[COLLECTED MATERIAL]:
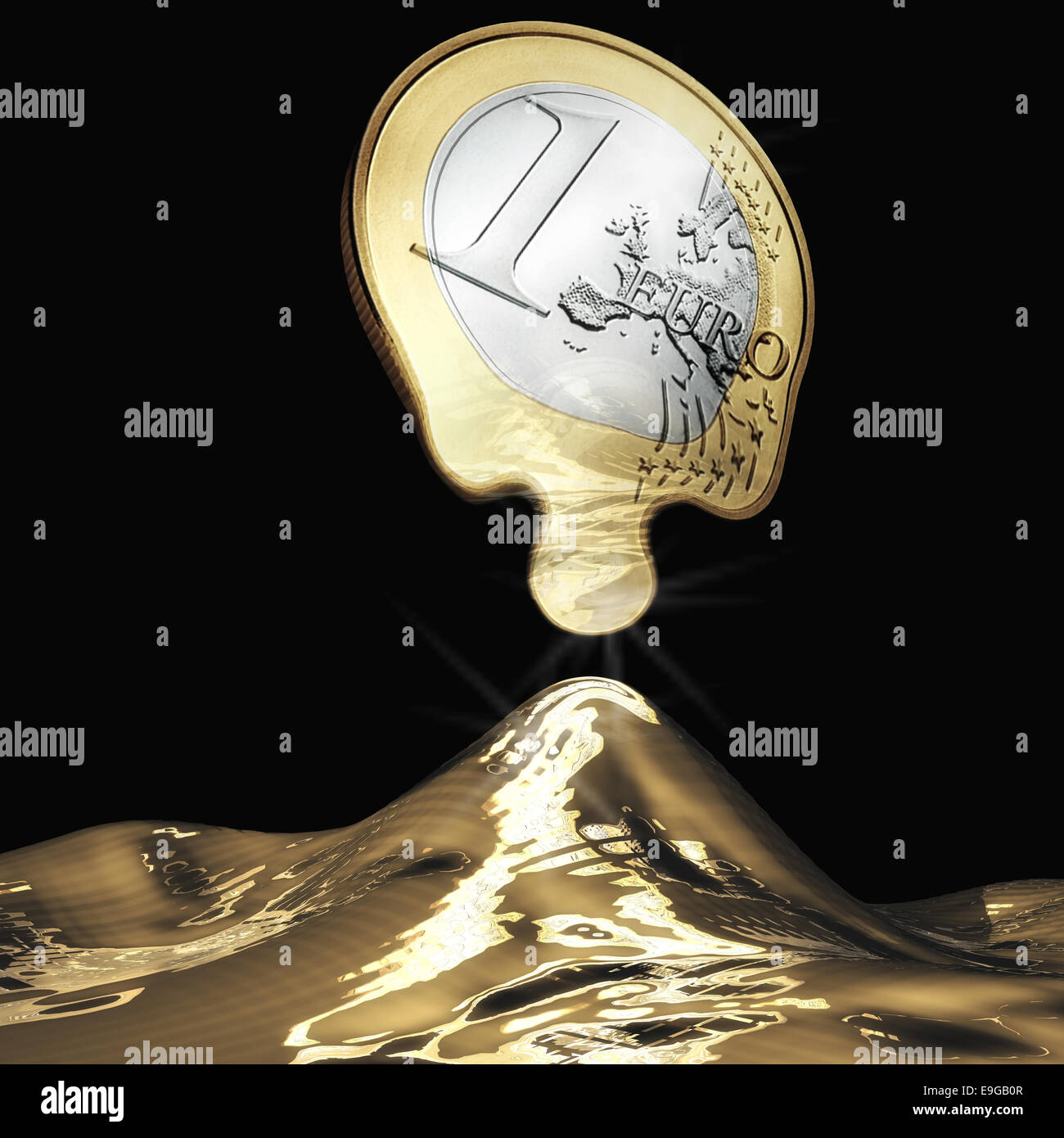 Schmelzende Euro Stockfoto
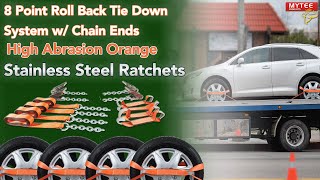 8 Point Tie Down Kit w/ Extensions, Stainless Steel Ratchets and High Abrasion Webbing
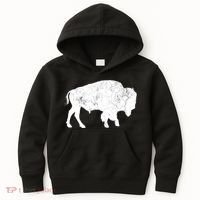 Distressed Buffalo Retro Bison Animal Lover Kids Hoodie thumb 0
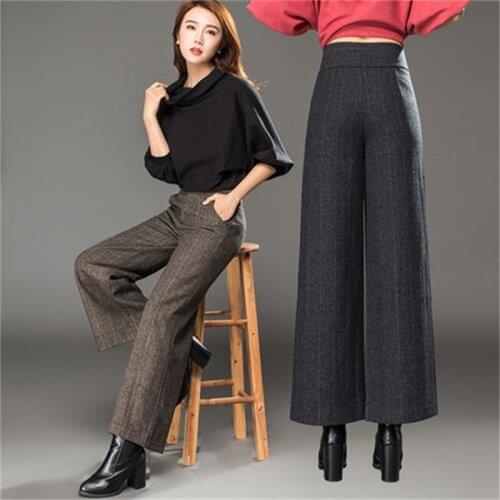 2017 Autumn New Women Woolen Wide Leg Pants Female Ankle Length Casual Loose pants Ladies Femme Pantalon Black Grey Plus Size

[ASSIGNMENT]: Could you give the material above again, exactly and without its pictures?

[WRITTEN REPLY]:
 Schmelzende Euro Stockfoto
 8 Point Tie Down Kit w/ Extensions, Stainless Steel Ratchets and High Abrasion Webbing
 Distressed Buffalo Retro Bison Animal Lover Kids Hoodie thumb 0
 2017 Autumn New Women Woolen Wide Leg Pants Female Ankle Length Casual Loose pants Ladies Femme Pantalon Black Grey Plus Size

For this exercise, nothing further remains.